Vaccines work in two ways: they protect the person who gets them, but they also can indirectly protect people who are not immunized. If enough people get vaccinated, then the diseases stop circulating, and even unvaccinated people end up being protected because they simply aren’t exposed to the disease. However, this only works if a very high percentage of the community gets vaccinated. So, we have to keep our guard up.
What are alternative immunization schedules? Are these advisable? If so, how can parents find the right schedule for their child?
There really aren’t any alternative schedules. People have made up different ways to give vaccines, but they have never been tested, so we don’t know if they work. Since the recommended schedule from the Centers for Disease Control and Prevention (CDC) and the American Academy of Pediatrics (AAP) is designed to give vaccines as soon as they can be given, all of the so-called alternative schedules end up delaying vaccines. Parents get convinced that this is somehow safer, but the opposite is actually the case. When you delay a vaccine, you leave your child at risk for the disease the vaccine is designed to prevent. You are taking your chances that they won’t get exposed before they eventually get vaccinated. It is an approach that doesn’t really make sense — it would be like waiting to put your infant into a car seat until they are a year old. Almost all parents choose to get their children immunized on time based on the recommended schedule.

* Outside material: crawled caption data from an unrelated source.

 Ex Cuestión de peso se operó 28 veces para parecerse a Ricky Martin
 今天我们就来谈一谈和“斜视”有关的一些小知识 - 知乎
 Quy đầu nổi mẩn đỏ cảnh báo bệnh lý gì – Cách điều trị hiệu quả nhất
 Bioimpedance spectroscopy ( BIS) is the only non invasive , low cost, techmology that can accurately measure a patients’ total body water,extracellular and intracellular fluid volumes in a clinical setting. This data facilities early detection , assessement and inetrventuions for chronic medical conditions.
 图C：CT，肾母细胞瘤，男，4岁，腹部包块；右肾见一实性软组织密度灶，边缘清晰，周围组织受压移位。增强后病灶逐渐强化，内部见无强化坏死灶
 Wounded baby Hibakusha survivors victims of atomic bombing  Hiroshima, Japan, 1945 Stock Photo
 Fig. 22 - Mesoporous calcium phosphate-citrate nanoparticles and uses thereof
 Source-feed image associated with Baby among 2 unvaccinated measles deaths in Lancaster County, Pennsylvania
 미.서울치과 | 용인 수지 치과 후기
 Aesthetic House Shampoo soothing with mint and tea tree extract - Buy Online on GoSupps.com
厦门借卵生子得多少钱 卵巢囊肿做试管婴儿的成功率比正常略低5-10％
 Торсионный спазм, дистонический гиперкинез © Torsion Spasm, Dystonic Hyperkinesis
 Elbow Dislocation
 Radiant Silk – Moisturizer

Most schools and child care facilities require children to have certain vaccines before enrolling in essentially all cases. In California, for example, personal belief exemptions haven’t been accepted since Jan. 2016; however, medical exemptions still are. In what situations might a child truly need a medical exemption from a vaccine? Would this apply to particular vaccines, or all?
There are very few reasons a child would need a medical exemption, and most medical exemptions apply to only one vaccine. The main reason children might need a medical exemption is if they have had an allergic or other serious reaction to a previous dose of a vaccine. In that case, we don’t repeat the vaccine. The only other reason medical exemptions are given is for children whose immune systems don’t work well — for example, children with cancer. These children can’t respond to certain vaccines, or may have more side effects. It’s these children we need to protect by making sure everyone around them is vaccinated.
There have been a number of studies, including one very recent one, debunking the idea that immunizations lead to conditions including autism spectrum disorder. In spite of findings, hesitancy to vaccinate children has gained traction. From your professional perspective, why do you think that is? How can parents learn more and mitigate their concerns?
The autism story is a sad one. Even though it has been proven beyond a shadow of doubt that vaccines don’t cause autism, you can still read on the internet that they do. It is very hard to judge the accuracy of things on the internet. My advice is for parents to ask their child’s pediatrician to guide them to accurate sources of information so that they can read for themselves why we know vaccines are safe.
Why are some vaccines mandatory and some recommended?
The primary reason some vaccines are not required for day care or school is that they are for conditions not commonly transmitted while at these facilities, such as human papillomavirus. From my point of view as an infectious disease specialist, all the vaccines are important.
There is a lot of content out there about immunizations that is simply inaccurate. What resources can parents trust to get factual, up-to-date information and make informed decisions about their children’s health?
Among the best sources of information about vaccines and their safety are the CDC, the AAP and the Immunization Action Coalition. All three have excellent information for parents. If parents want more information, they should talk to their child’s doctors, and also ask them about other reliable sources of accurate information.